> **Exercise instructions**
Your copy should match the listing below exactly, except that it holds no images.

> **Exercise data**
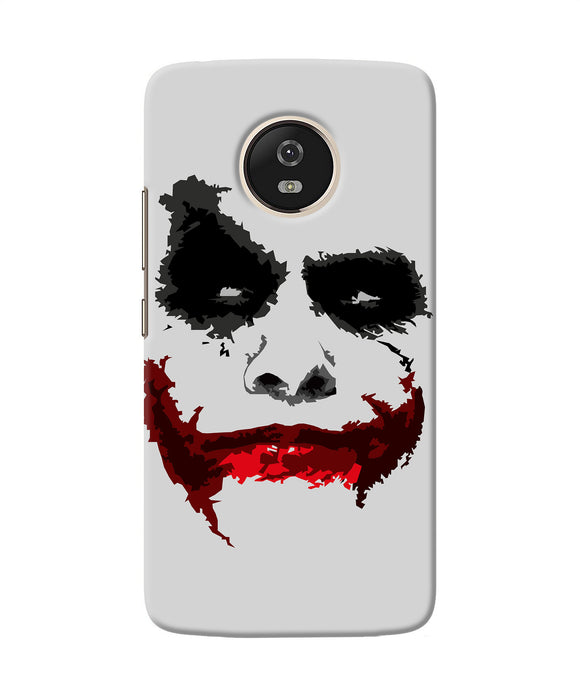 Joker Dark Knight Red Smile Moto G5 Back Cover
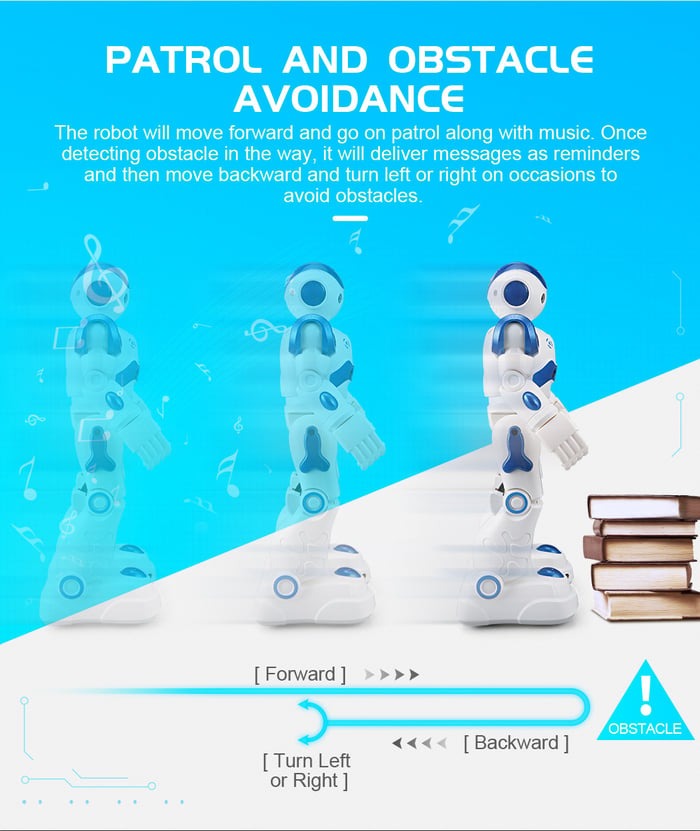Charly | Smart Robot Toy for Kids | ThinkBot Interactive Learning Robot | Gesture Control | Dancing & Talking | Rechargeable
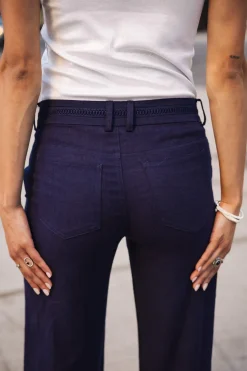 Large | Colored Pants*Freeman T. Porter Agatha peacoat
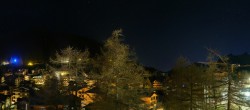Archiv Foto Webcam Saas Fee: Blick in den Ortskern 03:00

> **Task result**
 Joker Dark Knight Red Smile Moto G5 Back Cover
Charly | Smart Robot Toy for Kids | ThinkBot Interactive Learning Robot | Gesture Control | Dancing & Talking | Rechargeable
 Large | Colored Pants*Freeman T. Porter Agatha peacoat
Archiv Foto Webcam Saas Fee: Blick in den Ortskern 03:00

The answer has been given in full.